2. Insurance Coverage[80]
For psychotherapists, under regular policies: L.L. v. Medical Protective Co.,
362 N.W.2d 174 (Wis. 1984). "A sexual relationship between therapist and patient
cannot be viewed separately from the therapeutic relationship that has developed between
them. The transference phenomenon makes it impossible that the patient will have the same
emotional response to sexual contact with the therapist that he or she would have to
sexual contact with other persons."
Sexual exclusions or "caps":
(1) Concurrent proximate cause: Cranford Ins. Co. v. Allwest Ins. Co., 645
F.Supp. 1440 (N.D. Cal. 1986). Court found that the therapist's "abuse of the
transference process by having sex with his patient and his abandonment [of his
patient] were each potential proximate causes of [the patient's] psychological
injuries." "According to [the plaintiff's expert], Dr. R. [the therapist]
terminated his treatment at a time when his patient [Ms. G.] had continuing psychiatric
problems requiring therapy. Dr. R. failed to take necessary steps to see that Ms. G.
consulted with another psychiatrist. This abandonment in and of itself may have
contributed to Ms. G.'s injuries. The malpractice the doctor committed in abandoning his
patient was wholly independent of his sexual intimacy with her, and consisted only of his
failure to see that she continued treatment."
(2) "Train of events": Jussim v. Mass. Bay Ins. Co., 415 Mass. 24
(1993).
Policies in which if erotic contact is alleged, all negligence subject to cap:
American Home Assur. Co. v. Cohen, 881 P.2d 1001 (Wash. 1994). Court found that the
following insurance policy language was void as a matter of public policy: "in the
event any [erotic contact is] alleged at any time, either in a complaint, during
discovery, at trial or otherwise, any and all causes of action alleged and arising out of
the same or related courses of professional treatment and/or relationships shall be
subject to the aforesaid $25,000 aggregate limit of liability and to all other provisions
of this clause."
For other professionals: (1) Usually not covered because sexual contact not a
"professional service" pursuant to the Marx test (Marx v. Hartford Acc.
& Indem. Co., 157 N.W.2d 870 (Neb. 1968)). See, e.g., Roe v. Fed. Ins. Co., 412
Mass. 43 (1992) (dentist's sexual molestation of patients not "professional
services" and therefore not covered), compare with Roe v. Lawn, 418 Mass. 66
(1994) (school bus driver's sexual assault of child arose out of the use of the school bus
and therefore was covered).
Theories of liability for coverage: (1) Partnership liability; (2) Breach of
institutional fiduciary duty; (3) Creative ideas, see, e.g., Doe v. Hutchinson, No.

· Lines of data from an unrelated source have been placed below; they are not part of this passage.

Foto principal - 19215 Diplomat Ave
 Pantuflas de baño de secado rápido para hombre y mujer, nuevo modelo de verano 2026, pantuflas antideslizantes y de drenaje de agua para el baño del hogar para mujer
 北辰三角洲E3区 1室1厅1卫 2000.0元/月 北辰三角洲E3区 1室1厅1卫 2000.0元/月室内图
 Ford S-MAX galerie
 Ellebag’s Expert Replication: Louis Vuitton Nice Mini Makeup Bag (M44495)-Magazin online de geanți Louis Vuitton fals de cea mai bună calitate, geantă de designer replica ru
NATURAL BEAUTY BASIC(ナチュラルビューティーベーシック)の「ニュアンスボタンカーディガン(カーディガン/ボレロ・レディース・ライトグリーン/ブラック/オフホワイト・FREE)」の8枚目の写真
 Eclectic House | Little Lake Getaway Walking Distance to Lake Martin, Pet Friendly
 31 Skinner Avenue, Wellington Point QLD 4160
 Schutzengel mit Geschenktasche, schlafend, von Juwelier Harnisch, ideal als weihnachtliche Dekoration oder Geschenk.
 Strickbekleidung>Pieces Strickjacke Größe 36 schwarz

107636 (California-Ventura Cty. Sup. Ct., Aug. 11, 1994): dentist and his partnership
liable for dentist's sexual assault of patient because (1) partnership did not have a
policy regarding dentists working alone with patients, and (2) dentist's assistant had
negligently failed to act when she found the dentist's door locked. See also, D.D.
v. Ins. Co. of North America, 1995 WL 694591 (Alaska 1995) (physician/building owner
referred patient to another physician in Physician A's building; Physician B sexually
assaulted patient; patient sues Physician A on the theory that as a building owner he had
a duty to protect her from a colleague whom he had reason to know might sexually assault
the patient; Alaska Supreme Court holds that as patient's injury was not caused by
Physician A's treatment (which was excluded from building owner's policy), building
owner's insurance company (INA) had a duty to defend Physician A and that the
"'medical treatment' coverage exclusion contained in [Physician A's] policy's is
inapplicable since [patient's] injuries caused by [Physician B's] assault did not 'arise
out of' medical treatment.").
3. Employer Liability
See generally, Linda M. Jorgenson, Pamela K. Sutherland & Steven B.
Bisbing,
Transference of Liability: Employer Liability for Sexual Misconduct by Therapists,
60 BROOKLYN L. REV. 1421 (1995).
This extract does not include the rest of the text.